Business Discovery and Data Sourcing

Notebook Instructions

For your assignment you may be using different dataset than what is included here.
Always read carefully the instructions on Sakai.
Tasks/questions to be completed/answered are highlighted in larger bolded fonts and numbered according to their section.

Load Packages in R/RStudio

We are going to use tidyverse a collection of R packages designed for data science.

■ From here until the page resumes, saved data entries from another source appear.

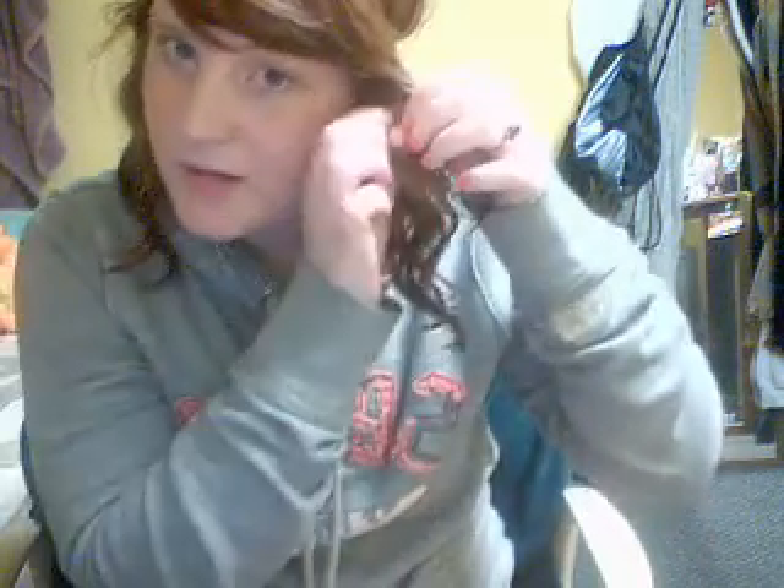What you do is take your headband and put it over your head like this. Since I have bangs, I don't want a crease on them, so I'm going to pull my bangs out from over the headband. The rest of your hair you want resting underneath the headband.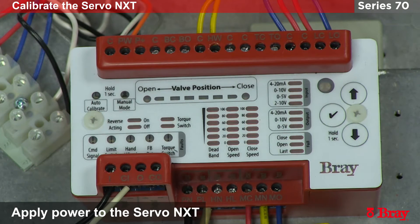Now that we've finished setting up the open and close switches and the travel stops, we can now commission the Servo NXT.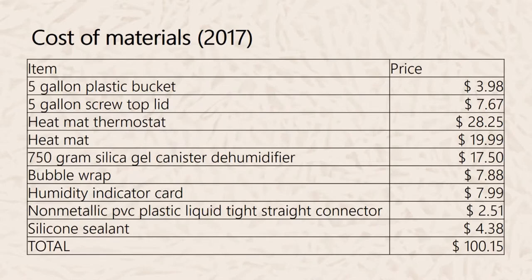Here is a breakdown of material costs as of 2017: a 5-gallon plastic bucket costs about $4.00; a 5-gallon screw-top lid, about $7.00; the heat mat thermostat, about $28.00; the heat mat, about $20.00; and the 750-gram silica gel canister dehumidifier, about $17.50. Bubble wrap is about $7.88.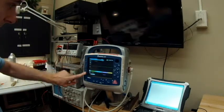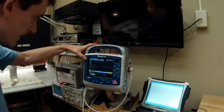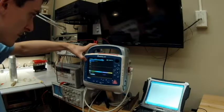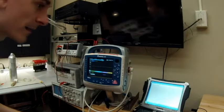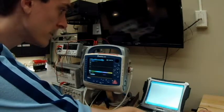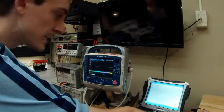At the very top soft key we have the ability to change the leads. We are in lead two right now. We're going to change through leads I, II, III, AVR, AVL, AVF, V1 through V6, and then pads — that's what we want. We're going to input a 60-beat-per-minute, one-millivolt ECG signal.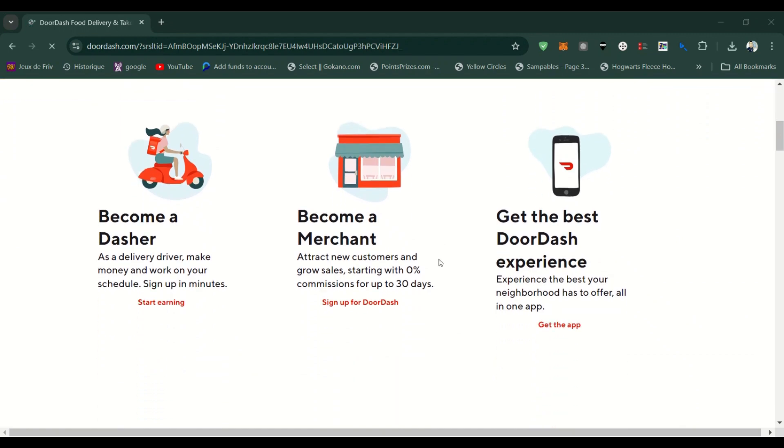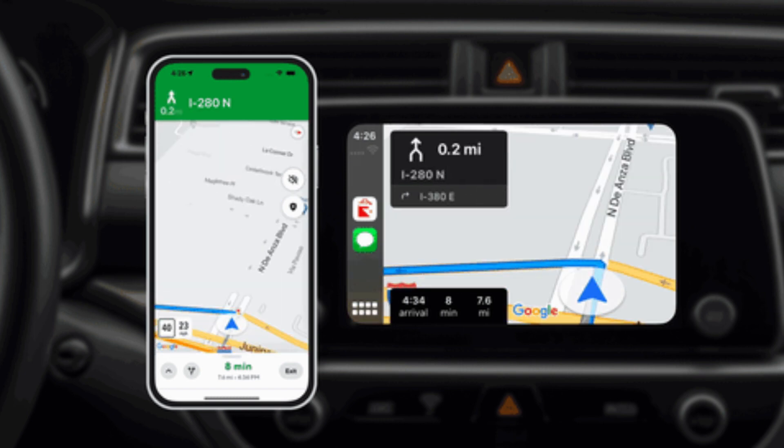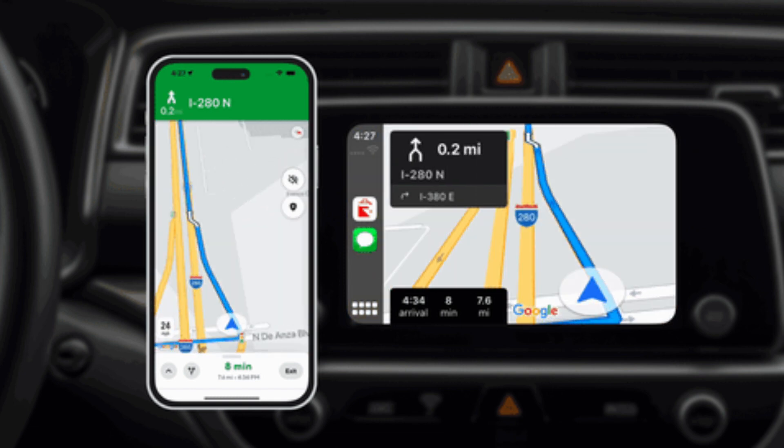The Dasher app should automatically show up in the list of apps available on the CarPlay screen, and integrated parts of the Dasher app will display on the CarPlay screen accordingly. Plug your iPhone into the car's USB port or connect wirelessly if your car supports wireless CarPlay. Ensure that CarPlay is activated on your car's display.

Info: https://www.tidyverse.org/

## Loading required package: tidyverse

## ── Attaching packages ───────────────────────────────────────────────── tidyverse 1.2.1 ──

## ✔ ggplot2 2.2.1     ✔ purrr   0.2.4
## ✔ tibble  1.4.1     ✔ dplyr   0.7.4
## ✔ tidyr   0.7.2     ✔ stringr 1.2.0
## ✔ readr   1.1.1     ✔ forcats 0.2.0

## ── Conflicts ──────────────────────────────────────────────────── tidyverse_conflicts() ──
## ✖ dplyr::filter() masks stats::filter()
## ✖ dplyr::lag()    masks stats::lag()

Task 1: Data Prepartion and Cleaning

1A) Read the csv file into R Studio and display the dataset.

Name your dataset ‘mydata’ so it easy to work with.
Commands: read_csv() head() mean() sub() as.numeric()

Extract the assigned features (columns) to perform some analytics

Find the average for each assigned feature

** What happens when we try to use the function? **

To resolve the error, check if the feature data type is correct
Notice that comma ‘1,234’ in some values
Also the data type and dollar sign ‘$’ symbol
To remove the any character in this case the comma from “1,234”. We must substitute it with just an empty space.

1B) Substitute the characters causing the issue with empty character (“”) on all features

** substitute comma with “” **

# VARIABLE <- sub("," , "", VARIABLE)

** substitute dollar sign with “” **

1C) Change the features data type from character to numeric

** character to numeric - as.numeric()**

** mean with NA removed **

# VARIABLE_MEAN <- mean( YOUR_VARIABLE , na.rm = TRUE)

1D) Assign new clean variables to dataset and save your clean new data

** Clean variables to dataset **

# mydata$VARIABLE <- VARIABLE

** Save clean data **

# write_csv(mydata, path = "data/mydata_clean.csv")

Task 2: Outlier Detection

Commands: mean() sd() min() max() quantile()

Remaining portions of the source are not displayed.